Título: A discussão sobre a tarifa de pedágio
Autor: Duarte, Moacyr Servilha
Fonte: O Estado de São Paulo, 26/05/2007, Economia, p. B2

A transformação dos principais eixos rodoviários em vias auto-sustentáveis é hoje uma tendência em todos os países. A primeira razão para esse cenário é o crescente aumento dos dispêndios públicos em saúde, educação, seguridade social, segurança pública e justiça, que não pode mais ser coberto pela elevação da carga tributária. A segunda é o aumento da frota de veículos, obrigando ao uso de novas tecnologias na gestão de rodovias, que exigem flexibilidade e agilidade que o Poder Público não tem. Uma terceira é a relação custo-benefício, que é favorável ao usuário ao trocar estradas malconservadas por rodovias em boas condições de uso.

A falta de pesados investimentos em infra-estrutura de transporte pelo Poder Público nos últimos 25 anos resultou na degradação desse patrimônio, encarecendo o frete, com prejuízos para o consumidor final. Além disso, estradas em más condições significam mais acidentes. Estudo do Instituto de Pesquisa Econômica Aplicada (Ipea) mostrou que, entre 2004 e 2005, o Brasil perdeu R$ 22 bilhões por conta de acidentes rodoviários.

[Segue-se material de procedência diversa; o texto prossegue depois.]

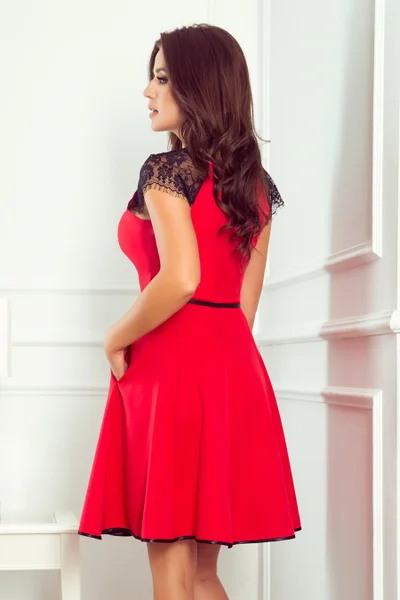 Krátké červené šaty s krajkovými vsadkami a páskem SILVIA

Superada a discussão sobre a participação da iniciativa privada no desenvolvimento de projetos de infra-estrutura, o que é contestado apenas por pessoas com a idéia cristalizada de que cabe ao Estado o monopólio dos investimentos no setor, podemos discutir com racionalidade, a partir da bem-sucedida experiência de mais de dez anos de concessões no País, o valor da tarifa de pedágio. Segundo o Ministério dos Transportes, a tarifa se destina a cobrir quatro grandes itens: benefícios aos usuários; tributos; administração e lucro; e custos operacionais.

Os benefícios aos usuários ficam com 42,7% do valor da tarifa e incluem os trabalhos iniciais, recuperação, melhoramentos, manutenção e conservação ao longo do prazo do contrato e investimentos. Os tributos (PIS, Cofins, ISSQN, CPMF, IRPJ, CSSL) absorvem 25,4% da tarifa e os custos operacionais correspondem a 9%, incluindo atendimento ao usuário, controle, monitoração, arrecadação e pesagem. Administração e lucros ficam com 22,8% do valor da tarifa, para cobrir custos administrativos, seguros e garantias, fiscalizações e o resultado da concessionária.

Das discussões aprofundadas entre as concessionárias de rodovias e as entidades representativas dos transportadores rodoviários de carga, empresas e autônomos, conclui-se que há três maneiras efetivas para reduzir a tarifa de pedágio. A primeira é o aumento da base de pagantes, pois existem casos, como o da Via Dutra, em que somente 10% das viagens são pagas. Outra é compatibilizar os investimentos com o efetivo crescimento do tráfego. A terceira é a redução da carga tributária, que representa 25,4% da tarifa. Em 2006, por exemplo, as concessionárias recolheram R$ 1,013 bilhão, sendo R$ 753,4 milhões em pagamento de tributos federais e R$ 260 milhões do tributo municipal. De 1996 a 2005, foram recolhidos R$ 2,4 bilhões.

Usando uma dessas possibilidades, ou elas em conjunto, é possível reduzir bastante as tarifas. A isenção de tributos, aliás, já está sendo feita para outros setores, como o programa de incentivo à TV digital, com o argumento, apropriado no nosso entendimento, de que esse setor não existia e, portanto, não se perde receita.

O governo federal preferiu seguir outro caminho, para tentar conciliar as necessidades de investimentos em rodovias com a resistência de alguns aliados políticos, utilizando mecanismos como a redução da estimativa dos custos das obras e das despesas operacionais e da margem de lucro do investidor a patamares inferiores aos dos países desenvolvidos. Resta a dúvida se essa opção se mostrará viável a médio e a longo prazos, considerando especialmente a obrigação da concessionária de, em dois anos, dentro dessas condições, ter suas ações negociadas em Bolsa.

O Brasil deu um passo na direção certa quando decidiu conceder rodovias à administração privada nos anos 90. As rodovias concedidas são uma forma eficiente de aumentar a produtividade global do País, com grandes vantagens para os usuários, que ganham em segurança, rapidez, economia de combustível e melhor aproveitamento da frota de cargas. Rodovias de qualidade e com serviços de apoio são indispensáveis para o crescimento econômico, o que empresários e trabalhadores clamam há anos, e que, corretamente, o atual presidente colocou como sua prioridade.